Bölüm 6

36.9K 2.1K 176
                                    

Yeni bir güne merhaba demenin mutluluğu içinde yatağımdan kalkıp hazırlanmıştım. Bugün uzun ve yorucu bir gün olacağını bildiğim için sportif giyinip öyle evden çıkmıştım. Otobüs durağına geldiğimdeyse ilk gelen otobüs şoförüne adresi söyleyerek hangisine binmem gerektiğini sormuştum. Bana hangisiyle gideceğimi söylediğinde her zaman gerek olacağı için biraz da unutmamak adına telefonumun not kısmına kaydettim. On dakika kadar bekledikten sonra otobüsüm gelmişti. Bekleyişim uzun sürse de yolculuğum kısa sürmüştü. Evin yakınlarında indiğimde yokuş yukarıya hızla çıkmaya çalıştım.

Bugün ilk günüm olmasa da ilk gün gibi heyecanlıydım. Demir kapıya geldiğimdeyse güvenlik görevlisi kapımı açarak günaydın demişti. Bende elimde tuttuğum saklama kabını açarak "Sıcak değil ama belki almak istersin."diye sormuştum. Bana gülümseyerek "Henüz kahvaltı yapmamıştık çok sağ olun." Demiş hemen ardından diğer görevli gelince de ona da uzatmıştım. Bir iki derken hepsi başıma üşüştüğünde hiçbirini geri çevirmeden ikram ettim. Geriye yalnızca üç poğaça kalsa da onların teşekkürü beni mutlu etmişti.

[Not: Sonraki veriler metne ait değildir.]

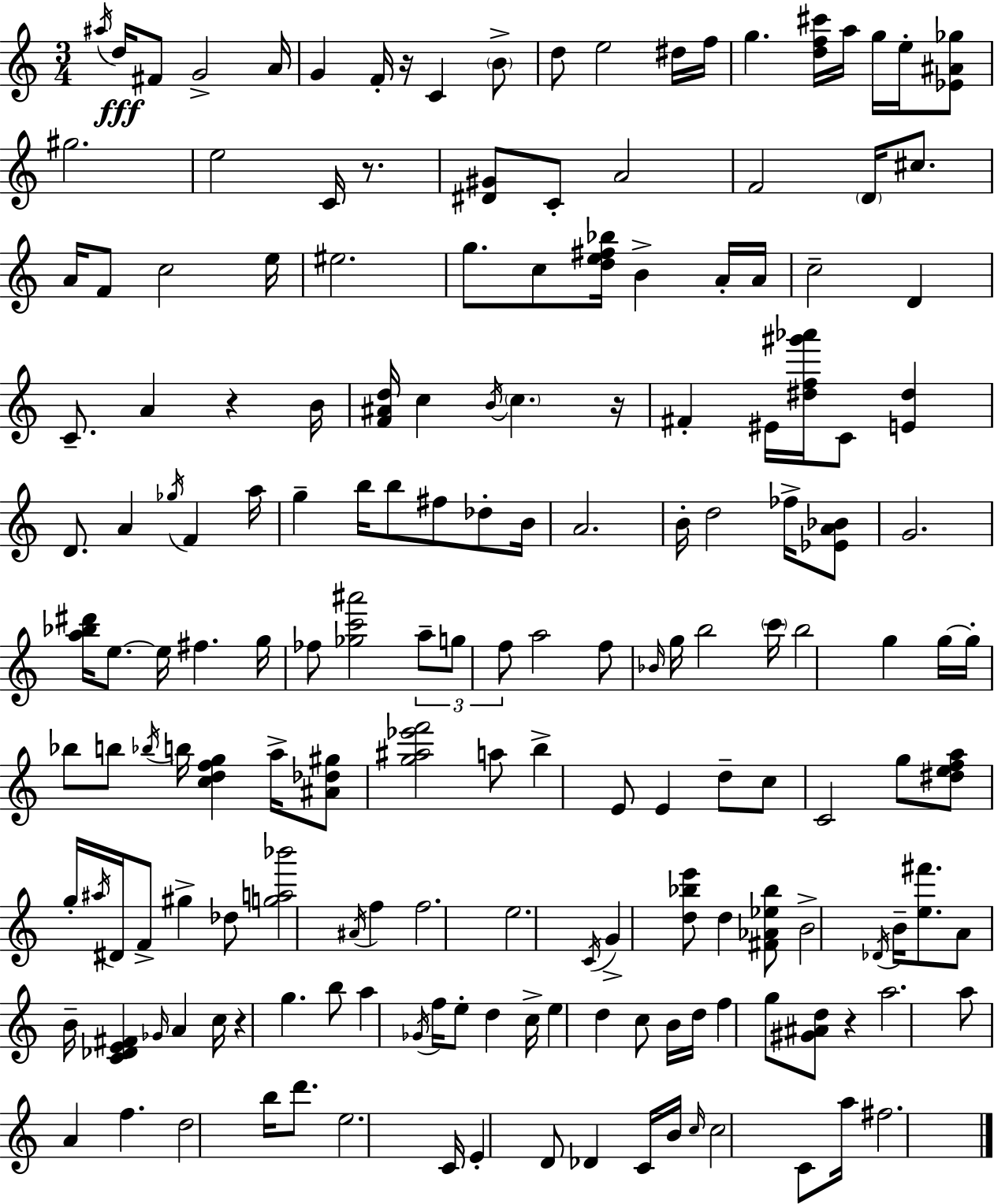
X:1
T:Untitled
M:3/4
L:1/4
K:C
^a/4 d/4 ^F/2 G2 A/4 G F/4 z/4 C B/2 d/2 e2 ^d/4 f/4 g [df^c']/4 a/4 g/4 e/4 [_E^A_g]/2 ^g2 e2 C/4 z/2 [^D^G]/2 C/2 A2 F2 D/4 ^c/2 A/4 F/2 c2 e/4 ^e2 g/2 c/2 [de^f_b]/4 B A/4 A/4 c2 D C/2 A z B/4 [F^Ad]/4 c B/4 c z/4 ^F ^E/4 [^df^g'_a']/4 C/2 [E^d] D/2 A _g/4 F a/4 g b/4 b/2 ^f/2 _d/2 B/4 A2 B/4 d2 _f/4 [_EA_B]/2 G2 [a_b^d']/4 e/2 e/4 ^f g/4 _f/2 [_gc'^a']2 a/2 g/2 f/2 a2 f/2 _B/4 g/4 b2 c'/4 b2 g g/4 g/4 _b/2 b/2 _b/4 b/4 [cdfg] a/4 [^A_d^g]/2 [g^a_e'f']2 a/2 b E/2 E d/2 c/2 C2 g/2 [^defa]/2 g/4 ^a/4 ^D/4 F/2 ^g _d/2 [ga_b']2 ^A/4 f f2 e2 C/4 G [d_be']/2 d [^F_A_e_b]/2 B2 _D/4 B/4 [e^f']/2 A/2 B/4 [C_DE^F] _G/4 A c/4 z g b/2 a _G/4 f/4 e/2 d c/4 e d c/2 B/4 d/4 f g/2 [^G^Ad]/2 z a2 a/2 A f d2 b/4 d'/2 e2 C/4 E D/2 _D C/4 B/4 c/4 c2 C/2 a/4 ^f2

"Lina Hanım bu evin anahtarı Raşit Bey size vermemi istedi." Elime anahtarı aldığımda daha fazla geç kalmamak adına kolay gelsin diyerek oradan uzaklaşmıştım. Kapıyı açıp içeriye girdiğimde içeride en küçük bir ses dahi yoktu. Ben yokluktan istifade hızla mutfağa geçerek önlüğümü bağladım. Kahvaltıyı bu defa hazırlamam yarım saati bulmuştu. İşim bitince sırtımı tezgâha dayayarak düşündüm. Saat dokuz olmuştu fakat hala ses seda yoktu. Fırında ısıttığım poğaçayla salona girdiğimde Raşit Beyi gördüm.

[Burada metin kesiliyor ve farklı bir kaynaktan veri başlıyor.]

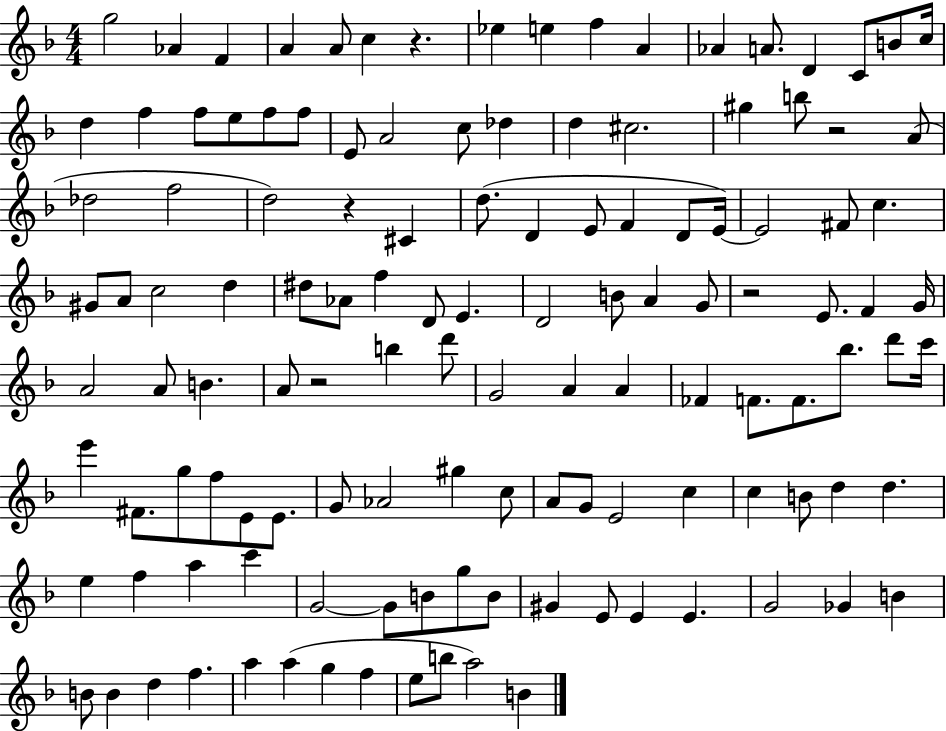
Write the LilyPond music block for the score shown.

"Günaydın Raşit Bey..." Günaydın demek yerine poğaça mı o diyerek soluğu yanımda alarak poğaçalardan birini alarak ağzına atmıştı. Bende gülümseyerek tabağı masaya koydum.

"Günaydın..." Kartal Beyin sesiyle merdivene bakarak günaydın demiştim. "Lina poğaça harika olmuş..." Raşit Bey ikinci poğaçayı aldığı sırada güldüm. Bu erkekler hamur işlerini çok mu seviyordu.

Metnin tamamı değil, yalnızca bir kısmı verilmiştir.